[WORK TASK] Each entry below must be given again word for word, with no pictures.

[Collection entries]

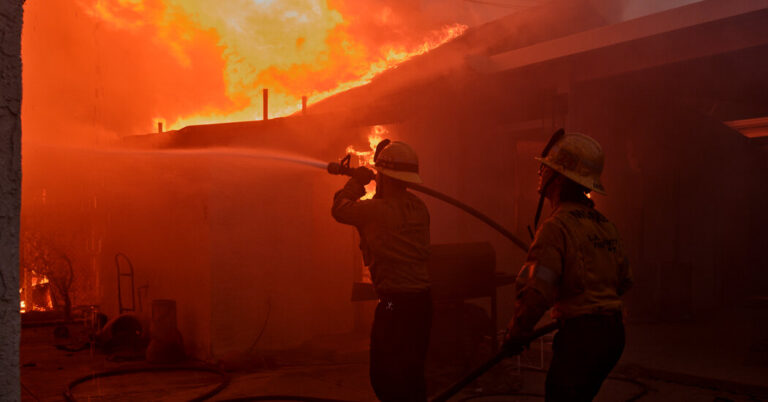 Southern California Edison Found Irregularities on Equipment Where Eaton Fire Broke Out Southern California Edison Found Irregularities on Equipment Where Eaton Fire Broke Out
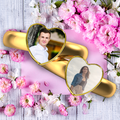 Ring Dual Photo Frames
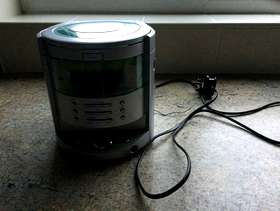 Freecycle Radio / CD player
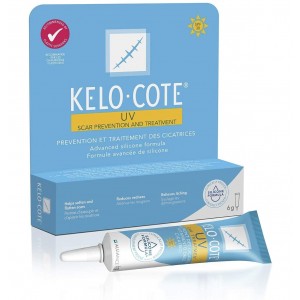 Kelo-Cote Reductor De Cicatrices Uv (6 G)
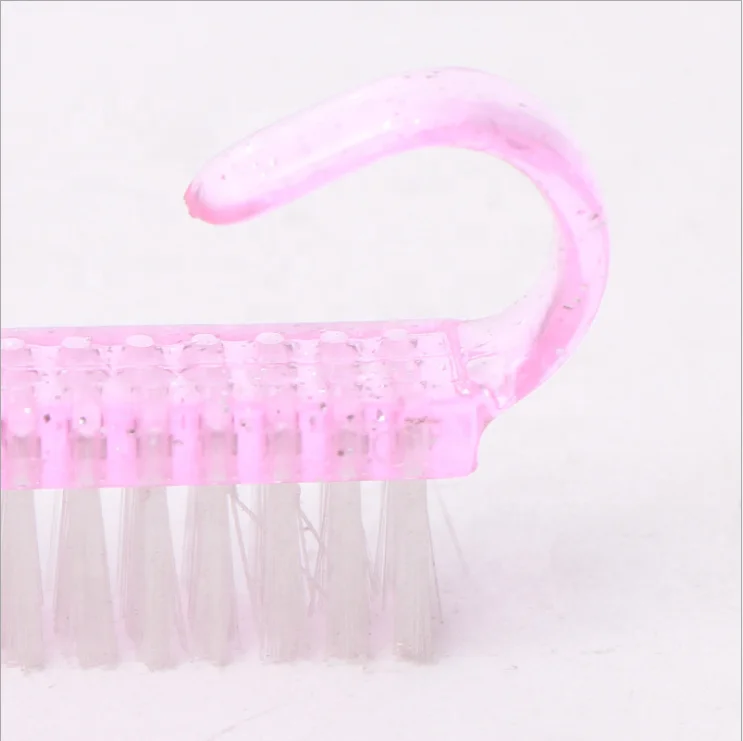 Пластиковая ручка в форме сердца, креативная щетка для мытья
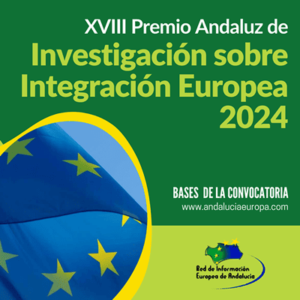 Premio Andaluz de Investigación sobre Integración Europea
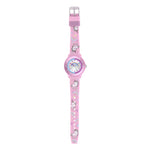 Die Cool Time Kids Armbanduhr - The Cool Pink Unicorn von Cool Time hat ein niedliches Einhorn- und Sternenband sowie ein magisches Einhorn-Uhrengesicht - perfekt für jedes Kind, das Fantasie und Spaß liebt!.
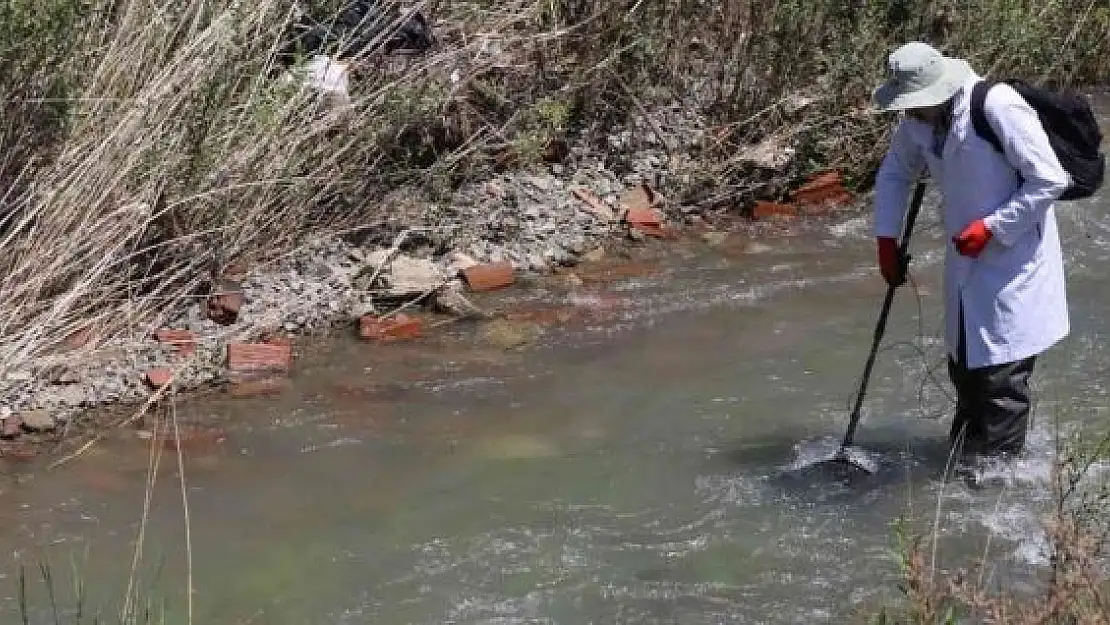 'Elazığ´da biyoçeşitlilik izleme çalışmaları sürüyor'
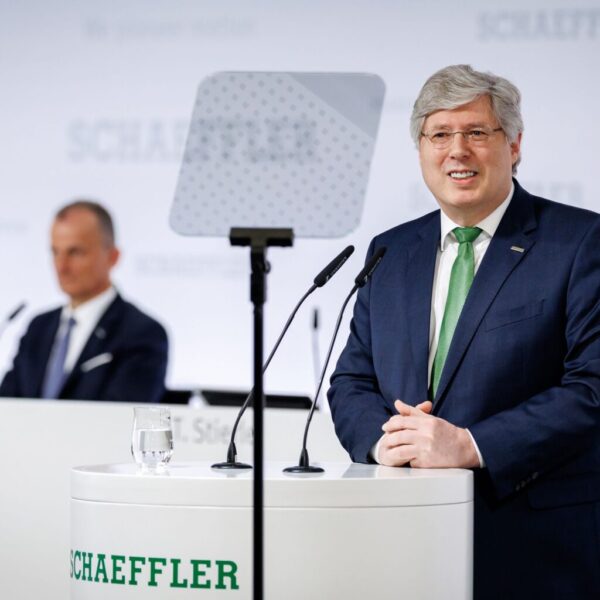 Junta General Anual 2026 de Schaeffler: claras mayorías en cuanto a dividendos, aprobación de la gestión y elección de la Junta de Supervisión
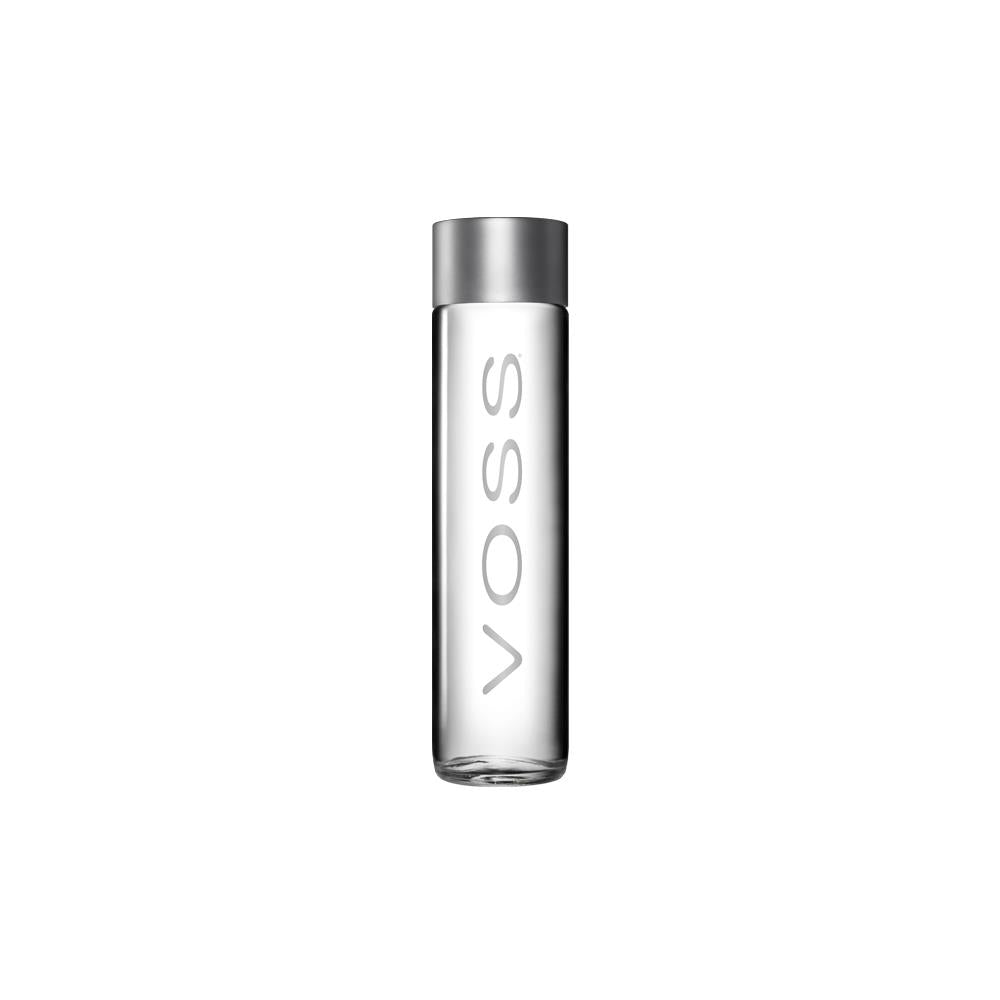 VOSS - Artesian Water - Glass - Still - 24 x 375ml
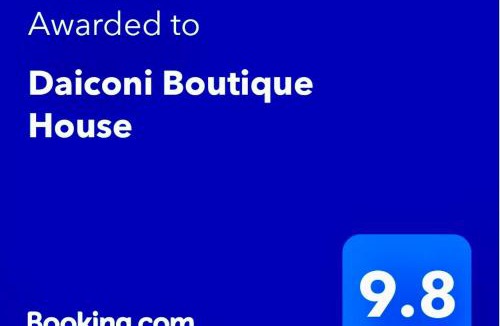 Ghioroc Bed & Breakfast | Daiconi Boutique House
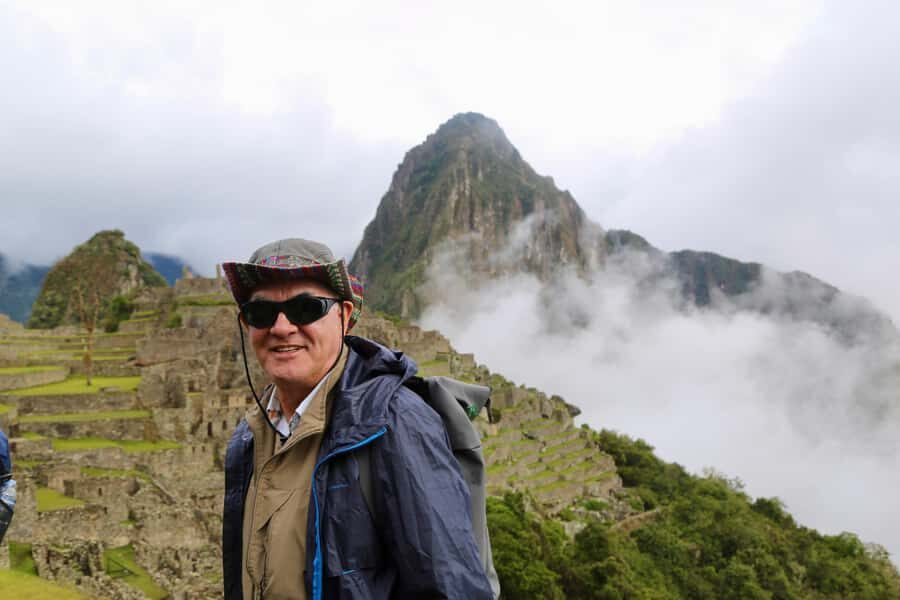 Machu Picchu Entry Ticket and Bus from Aguas Calientes - Your entry ticket: time slots, circuits, and what you’re actually buying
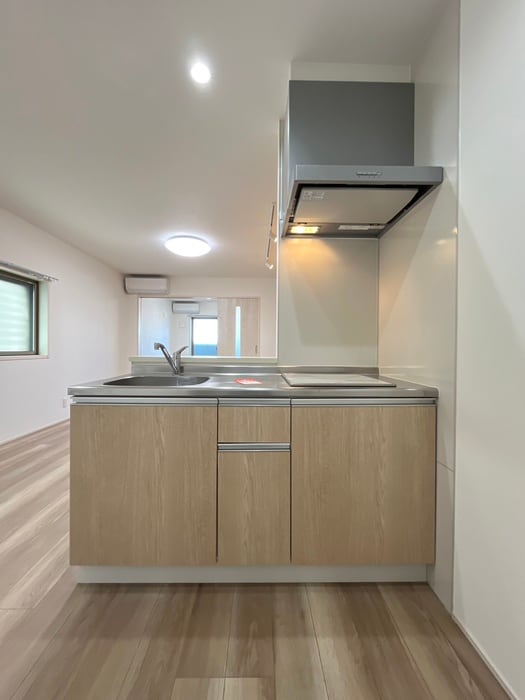 リベルト・ボヌールⅢ番館の物件内観写真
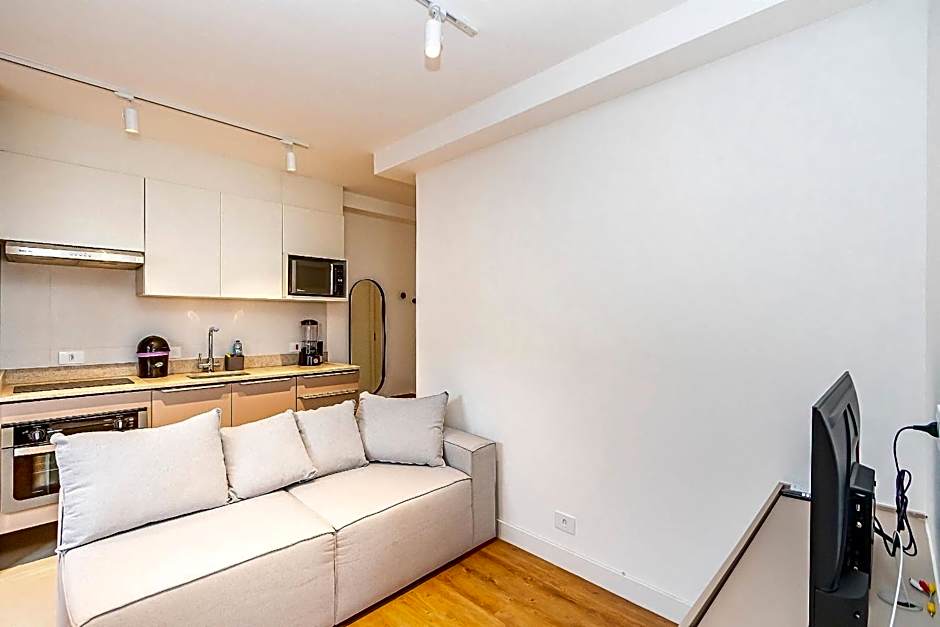 Apto novo! Bairro nobre!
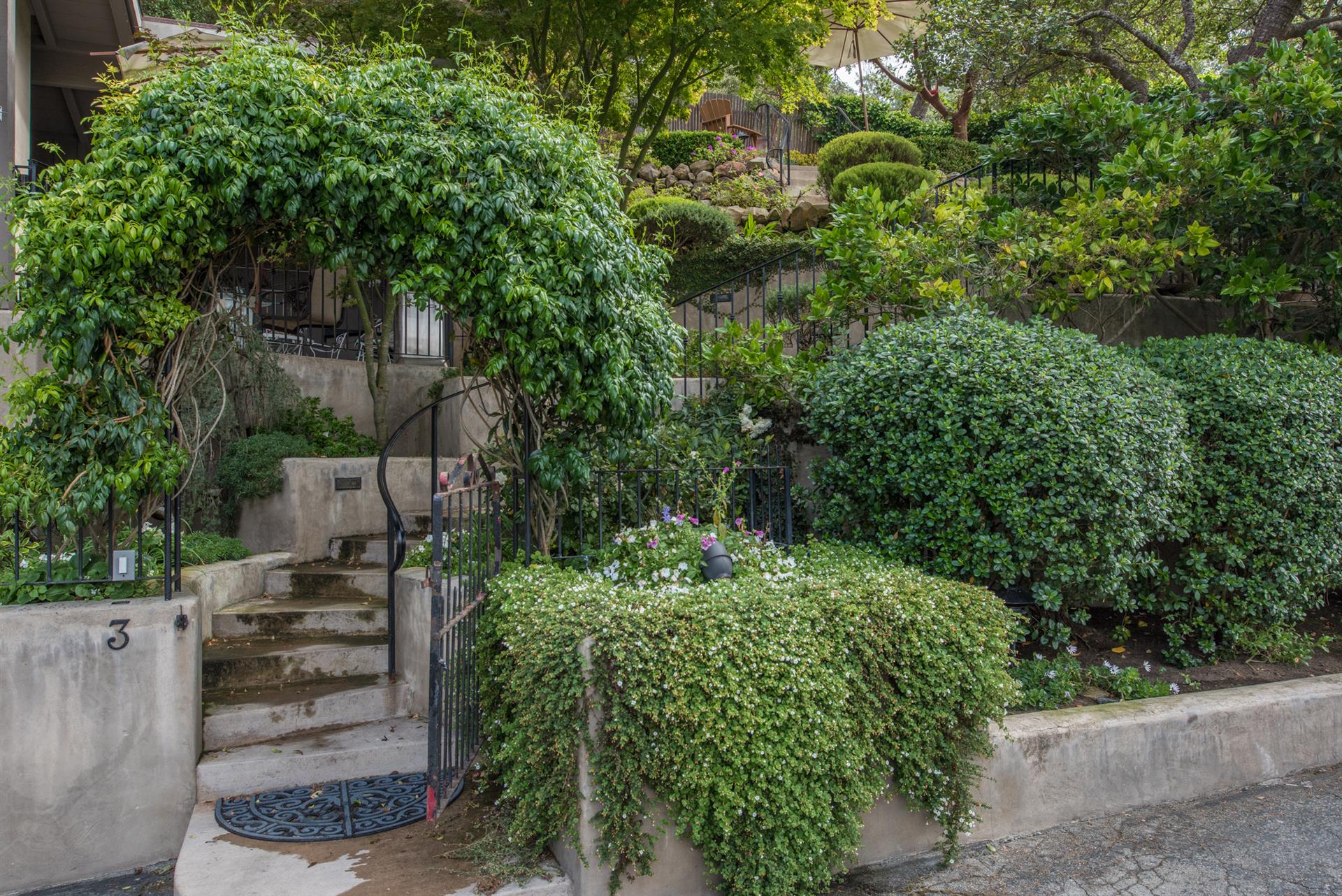 Front Entry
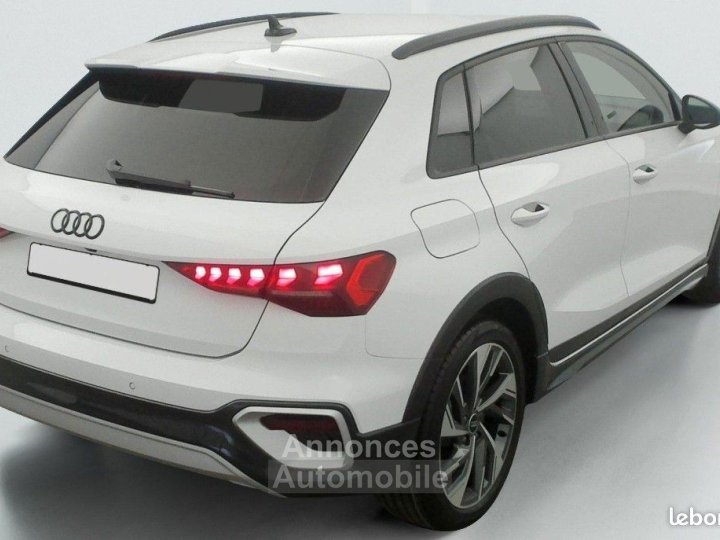 Audi A3 ALLSTREET TFSI e Hybride rechargeable 204 S tronic 6 Design - 6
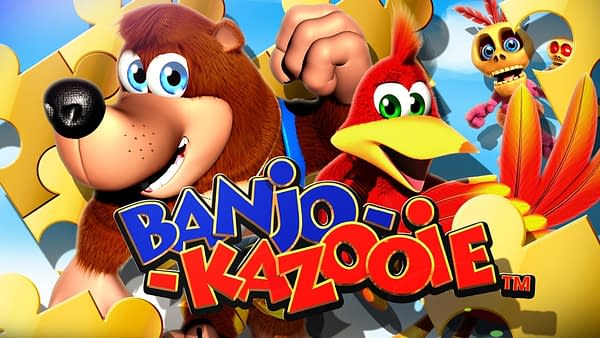 ExQuisite Gaming Pretty Much Confirms Banjo-Kazooie Game For E3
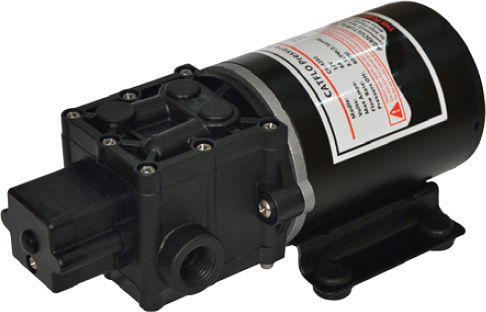 Nova Αντλία Μετάγγισης με Στόμιο 3/8" 12V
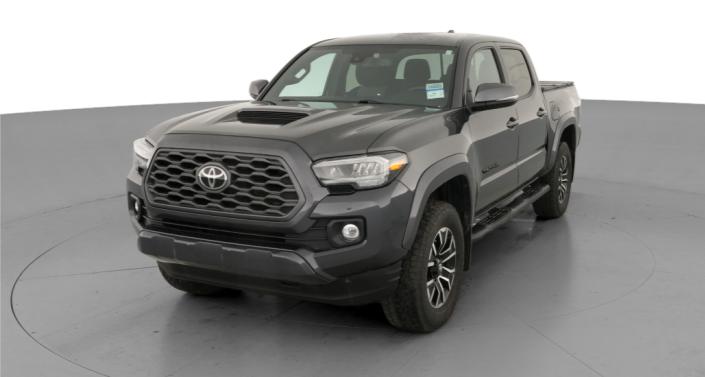 Thumbnail: 2020 Toyota Tacoma - 1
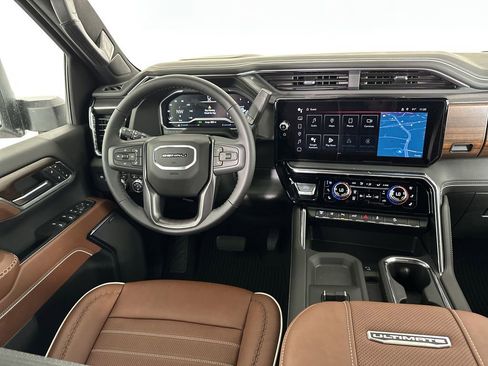 New 2025 GMC Sierra 2500 Denali Ultimate w/ Max Trailering Package image 25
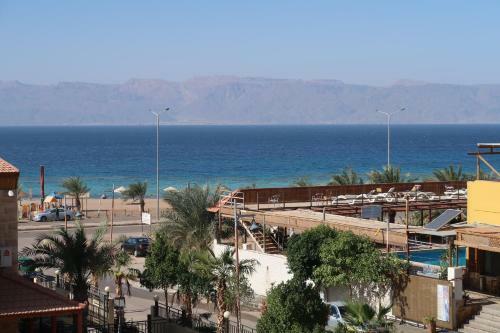 Albergue Bedouin Moon Village - Aqaba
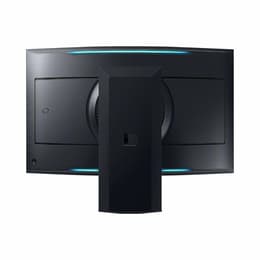 55-inch Samsung Odyssey Ark S55BG970NU 3840 x 2160 QLED Monitor Preto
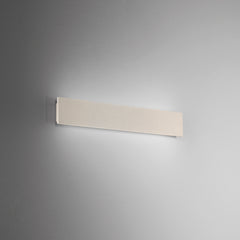 APPLIQUE LED PARKER BIANCA 20W 2640LM CCT IP65 60X4,5X10,2CM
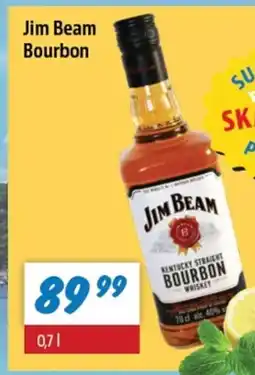 zur Krone Jim Beam Bourbon tilbud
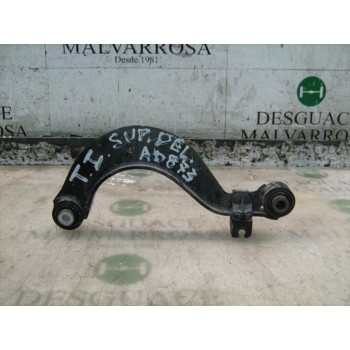 BRAZO SUSPENSION SUPERIOR TRASERO IZQUIERDO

[THE COMPLETED TASK]
 Southern California Edison Found Irregularities on Equipment Where Eaton Fire Broke Out Southern California Edison Found Irregularities on Equipment Where Eaton Fire Broke Out
 Ring Dual Photo Frames
 Freecycle Radio / CD player
 Kelo-Cote Reductor De Cicatrices Uv (6 G)
 Пластиковая ручка в форме сердца, креативная щетка для мытья
 Premio Andaluz de Investigación sobre Integración Europea
 Die Cool Time Kids Armbanduhr - The Cool Pink Unicorn von Cool Time hat ein niedliches Einhorn- und Sternenband sowie ein magisches Einhorn-Uhrengesicht - perfekt für jedes Kind, das Fantasie und Spaß liebt!.
 'Elazığ´da biyoçeşitlilik izleme çalışmaları sürüyor'
 Junta General Anual 2026 de Schaeffler: claras mayorías en cuanto a dividendos, aprobación de la gestión y elección de la Junta de Supervisión
 VOSS - Artesian Water - Glass - Still - 24 x 375ml
 Ghioroc Bed & Breakfast | Daiconi Boutique House
 Machu Picchu Entry Ticket and Bus from Aguas Calientes - Your entry ticket: time slots, circuits, and what you’re actually buying
 リベルト・ボヌールⅢ番館の物件内観写真
 Apto novo! Bairro nobre!
 Front Entry
 Audi A3 ALLSTREET TFSI e Hybride rechargeable 204 S tronic 6 Design - 6
 ExQuisite Gaming Pretty Much Confirms Banjo-Kazooie Game For E3
 Nova Αντλία Μετάγγισης με Στόμιο 3/8" 12V
 Thumbnail: 2020 Toyota Tacoma - 1
 New 2025 GMC Sierra 2500 Denali Ultimate w/ Max Trailering Package image 25
 Albergue Bedouin Moon Village - Aqaba
 55-inch Samsung Odyssey Ark S55BG970NU 3840 x 2160 QLED Monitor Preto
 APPLIQUE LED PARKER BIANCA 20W 2640LM CCT IP65 60X4,5X10,2CM
 zur Krone Jim Beam Bourbon tilbud
 BRAZO SUSPENSION SUPERIOR TRASERO IZQUIERDO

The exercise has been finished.